The predictions are evaluated on AP50:0.05:95, AP50, AP75, AR1, AR10.

SeaDronesSee Object Detection v2

You need so submit a json-file in COCO format. That is, a list of dictionaries, each containing a single prediction of the form as for Object Detection above. Please note that there might be some errors in metadata values in the test set images (around IDs 8129 to 8143).

SeaDronesSee Single-Object Tracking

There are 80 testing video clips on which the performance is measured. The protocol is based on the implementation of PyTracking. Note that this is a short-term Single-Object Tracking task, meaning that clips only feature objects that are present in the video during the whole video and do not disappear and reappear.

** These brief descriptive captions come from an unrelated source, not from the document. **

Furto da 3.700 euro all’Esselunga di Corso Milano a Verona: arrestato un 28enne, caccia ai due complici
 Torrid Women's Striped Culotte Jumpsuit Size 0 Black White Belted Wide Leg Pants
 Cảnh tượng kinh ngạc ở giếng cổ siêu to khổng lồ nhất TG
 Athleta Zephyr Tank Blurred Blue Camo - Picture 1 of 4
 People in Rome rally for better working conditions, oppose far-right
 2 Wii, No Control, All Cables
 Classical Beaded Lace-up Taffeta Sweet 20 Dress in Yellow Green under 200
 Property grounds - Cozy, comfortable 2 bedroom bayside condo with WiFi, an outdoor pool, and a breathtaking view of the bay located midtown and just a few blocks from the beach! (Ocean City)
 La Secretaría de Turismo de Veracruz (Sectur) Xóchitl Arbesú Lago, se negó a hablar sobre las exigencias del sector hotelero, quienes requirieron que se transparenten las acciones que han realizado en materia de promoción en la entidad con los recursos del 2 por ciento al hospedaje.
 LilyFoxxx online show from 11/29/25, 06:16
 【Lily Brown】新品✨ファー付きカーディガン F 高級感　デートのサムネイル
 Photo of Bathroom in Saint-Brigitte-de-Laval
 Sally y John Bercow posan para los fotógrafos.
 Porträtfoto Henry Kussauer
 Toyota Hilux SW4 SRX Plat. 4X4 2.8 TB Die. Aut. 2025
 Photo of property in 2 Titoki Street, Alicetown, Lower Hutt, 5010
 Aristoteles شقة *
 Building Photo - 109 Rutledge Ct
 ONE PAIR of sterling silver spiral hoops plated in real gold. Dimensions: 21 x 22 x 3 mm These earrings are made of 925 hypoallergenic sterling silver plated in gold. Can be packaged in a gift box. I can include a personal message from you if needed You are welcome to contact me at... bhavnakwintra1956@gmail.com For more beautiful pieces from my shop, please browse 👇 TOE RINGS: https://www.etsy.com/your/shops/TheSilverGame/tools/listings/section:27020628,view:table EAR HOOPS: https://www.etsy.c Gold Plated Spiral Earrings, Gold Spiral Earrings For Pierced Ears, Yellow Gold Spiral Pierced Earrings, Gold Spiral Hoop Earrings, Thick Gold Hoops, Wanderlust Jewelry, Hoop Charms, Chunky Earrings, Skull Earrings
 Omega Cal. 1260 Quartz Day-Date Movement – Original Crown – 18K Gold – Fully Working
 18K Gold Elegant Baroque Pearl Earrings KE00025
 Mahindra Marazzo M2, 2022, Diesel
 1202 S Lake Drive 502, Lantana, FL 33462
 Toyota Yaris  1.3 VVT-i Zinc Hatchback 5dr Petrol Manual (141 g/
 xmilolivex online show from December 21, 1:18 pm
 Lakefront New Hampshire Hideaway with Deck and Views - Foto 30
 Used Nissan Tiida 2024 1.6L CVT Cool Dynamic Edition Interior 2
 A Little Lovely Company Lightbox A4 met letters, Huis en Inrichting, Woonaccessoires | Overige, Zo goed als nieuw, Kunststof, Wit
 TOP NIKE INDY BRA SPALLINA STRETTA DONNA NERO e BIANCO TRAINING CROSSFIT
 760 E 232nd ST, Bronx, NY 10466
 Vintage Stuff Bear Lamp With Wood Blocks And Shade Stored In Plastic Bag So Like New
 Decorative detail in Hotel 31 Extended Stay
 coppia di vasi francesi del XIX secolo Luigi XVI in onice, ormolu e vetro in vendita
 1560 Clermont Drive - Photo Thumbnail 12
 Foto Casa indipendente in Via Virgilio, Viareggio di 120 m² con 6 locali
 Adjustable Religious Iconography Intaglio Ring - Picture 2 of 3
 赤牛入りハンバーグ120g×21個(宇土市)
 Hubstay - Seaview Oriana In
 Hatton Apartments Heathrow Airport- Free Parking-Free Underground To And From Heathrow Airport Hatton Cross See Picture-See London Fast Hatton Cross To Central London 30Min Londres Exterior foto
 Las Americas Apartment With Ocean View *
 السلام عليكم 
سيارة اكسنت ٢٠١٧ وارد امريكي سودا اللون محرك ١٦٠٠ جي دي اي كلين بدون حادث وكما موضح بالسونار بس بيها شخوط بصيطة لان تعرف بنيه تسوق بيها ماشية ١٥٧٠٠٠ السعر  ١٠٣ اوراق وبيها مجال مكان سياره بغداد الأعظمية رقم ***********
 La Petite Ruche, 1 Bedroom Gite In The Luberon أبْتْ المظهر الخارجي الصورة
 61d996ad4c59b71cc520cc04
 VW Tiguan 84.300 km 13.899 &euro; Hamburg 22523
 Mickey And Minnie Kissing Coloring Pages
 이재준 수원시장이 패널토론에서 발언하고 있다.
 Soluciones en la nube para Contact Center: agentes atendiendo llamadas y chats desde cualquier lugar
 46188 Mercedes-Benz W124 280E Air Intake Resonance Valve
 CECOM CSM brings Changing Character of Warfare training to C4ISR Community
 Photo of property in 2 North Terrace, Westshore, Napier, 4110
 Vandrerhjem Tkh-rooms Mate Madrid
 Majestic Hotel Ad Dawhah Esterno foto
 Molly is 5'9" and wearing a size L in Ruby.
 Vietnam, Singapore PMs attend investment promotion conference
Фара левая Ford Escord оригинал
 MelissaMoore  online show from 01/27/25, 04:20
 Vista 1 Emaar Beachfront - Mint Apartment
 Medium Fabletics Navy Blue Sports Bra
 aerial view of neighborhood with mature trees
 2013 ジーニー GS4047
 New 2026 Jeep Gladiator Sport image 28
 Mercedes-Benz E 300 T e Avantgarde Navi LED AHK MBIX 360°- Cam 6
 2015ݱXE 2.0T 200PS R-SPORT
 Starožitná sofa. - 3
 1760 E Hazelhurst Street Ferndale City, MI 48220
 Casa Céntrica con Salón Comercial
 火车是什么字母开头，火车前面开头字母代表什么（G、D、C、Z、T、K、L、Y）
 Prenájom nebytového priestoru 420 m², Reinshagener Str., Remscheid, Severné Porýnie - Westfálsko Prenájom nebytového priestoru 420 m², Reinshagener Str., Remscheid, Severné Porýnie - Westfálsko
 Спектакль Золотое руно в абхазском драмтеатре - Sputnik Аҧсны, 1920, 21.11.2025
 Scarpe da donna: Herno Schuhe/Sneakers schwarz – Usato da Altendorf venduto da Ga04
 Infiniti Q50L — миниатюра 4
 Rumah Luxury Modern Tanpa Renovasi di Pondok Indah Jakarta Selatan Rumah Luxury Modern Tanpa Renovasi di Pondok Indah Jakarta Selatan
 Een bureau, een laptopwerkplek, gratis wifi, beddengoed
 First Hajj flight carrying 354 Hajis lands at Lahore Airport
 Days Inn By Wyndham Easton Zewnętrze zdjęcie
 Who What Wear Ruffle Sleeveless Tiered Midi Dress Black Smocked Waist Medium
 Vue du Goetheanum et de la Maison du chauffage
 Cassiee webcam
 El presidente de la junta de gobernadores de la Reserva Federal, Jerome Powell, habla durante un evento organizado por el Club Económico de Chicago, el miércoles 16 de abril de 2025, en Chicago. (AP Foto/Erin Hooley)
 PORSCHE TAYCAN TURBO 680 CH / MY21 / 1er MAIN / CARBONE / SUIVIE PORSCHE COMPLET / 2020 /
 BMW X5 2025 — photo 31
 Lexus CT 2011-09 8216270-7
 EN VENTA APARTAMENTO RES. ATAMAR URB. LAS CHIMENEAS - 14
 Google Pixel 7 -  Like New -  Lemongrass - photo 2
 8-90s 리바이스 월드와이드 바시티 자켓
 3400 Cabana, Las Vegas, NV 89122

You need to submit a zip-file containing exactly 80 text-files, each corresponding to the respective clip. Each text file has to be named j.txt where j is the number corresponding to the respective clip (1,...,80). Each text file has as many rows as its corresponding clip has frames. Each row has 4 comma separated numbers (x,y,w,h), where x is the left-most pixel value of the tracked object's bounding box, y the top-most pixel value and w and h the width and height of the bounding box in pixels.

Via the link for "Single-Object Tracking" above, you will find three json-files (SeaDronesSee_train.json, SeaDronesSee_val.json,SeaDronesSee_test.json). It is a dict of dicts, where for each track/clip number, you find the corresponding frames that need to be taken from the Multi-Object Tracking link.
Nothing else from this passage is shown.